__EXERCISE DESCRIPTION__.
Restate word for word the lines of the records below, starting at the line that contains "818 King Street #1701, Honolulu, HI 96813" and ending at the line that contains "709 SW Frazer", with both of those lines included and nothing else.

__EXERCISE MATERIALS__.
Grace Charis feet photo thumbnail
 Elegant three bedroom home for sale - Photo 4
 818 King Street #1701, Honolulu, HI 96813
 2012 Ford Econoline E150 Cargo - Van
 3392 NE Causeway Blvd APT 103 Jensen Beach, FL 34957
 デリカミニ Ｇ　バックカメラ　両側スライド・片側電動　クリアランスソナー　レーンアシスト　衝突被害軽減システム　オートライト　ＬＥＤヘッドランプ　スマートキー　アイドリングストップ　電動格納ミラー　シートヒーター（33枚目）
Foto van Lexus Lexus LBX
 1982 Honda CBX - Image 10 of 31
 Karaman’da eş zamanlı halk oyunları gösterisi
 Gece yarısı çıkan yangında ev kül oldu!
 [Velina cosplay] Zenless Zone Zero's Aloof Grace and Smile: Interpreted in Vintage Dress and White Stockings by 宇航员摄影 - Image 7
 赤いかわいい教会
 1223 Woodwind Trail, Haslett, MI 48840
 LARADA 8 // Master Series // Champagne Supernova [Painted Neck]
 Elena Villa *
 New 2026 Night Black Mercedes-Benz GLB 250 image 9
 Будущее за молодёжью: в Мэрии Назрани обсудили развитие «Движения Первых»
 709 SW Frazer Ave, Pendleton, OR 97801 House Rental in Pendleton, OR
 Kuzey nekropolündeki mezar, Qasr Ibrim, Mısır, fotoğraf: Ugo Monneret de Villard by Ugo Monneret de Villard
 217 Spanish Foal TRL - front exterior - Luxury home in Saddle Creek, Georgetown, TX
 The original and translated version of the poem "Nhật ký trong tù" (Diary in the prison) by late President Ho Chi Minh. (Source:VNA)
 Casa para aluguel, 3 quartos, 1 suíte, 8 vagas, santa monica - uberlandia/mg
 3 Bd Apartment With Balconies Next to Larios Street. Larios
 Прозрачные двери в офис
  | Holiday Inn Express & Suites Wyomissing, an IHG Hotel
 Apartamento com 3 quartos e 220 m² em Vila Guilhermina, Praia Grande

__WRITTEN SOLUTION__.
 818 King Street #1701, Honolulu, HI 96813
 2012 Ford Econoline E150 Cargo - Van
 3392 NE Causeway Blvd APT 103 Jensen Beach, FL 34957
 デリカミニ Ｇ　バックカメラ　両側スライド・片側電動　クリアランスソナー　レーンアシスト　衝突被害軽減システム　オートライト　ＬＥＤヘッドランプ　スマートキー　アイドリングストップ　電動格納ミラー　シートヒーター（33枚目）
Foto van Lexus Lexus LBX
 1982 Honda CBX - Image 10 of 31
 Karaman’da eş zamanlı halk oyunları gösterisi
 Gece yarısı çıkan yangında ev kül oldu!
 [Velina cosplay] Zenless Zone Zero's Aloof Grace and Smile: Interpreted in Vintage Dress and White Stockings by 宇航员摄影 - Image 7
 赤いかわいい教会
 1223 Woodwind Trail, Haslett, MI 48840
 LARADA 8 // Master Series // Champagne Supernova [Painted Neck]
 Elena Villa *
 New 2026 Night Black Mercedes-Benz GLB 250 image 9
 Будущее за молодёжью: в Мэрии Назрани обсудили развитие «Движения Первых»
 709 SW Frazer Ave, Pendleton, OR 97801 House Rental in Pendleton, OR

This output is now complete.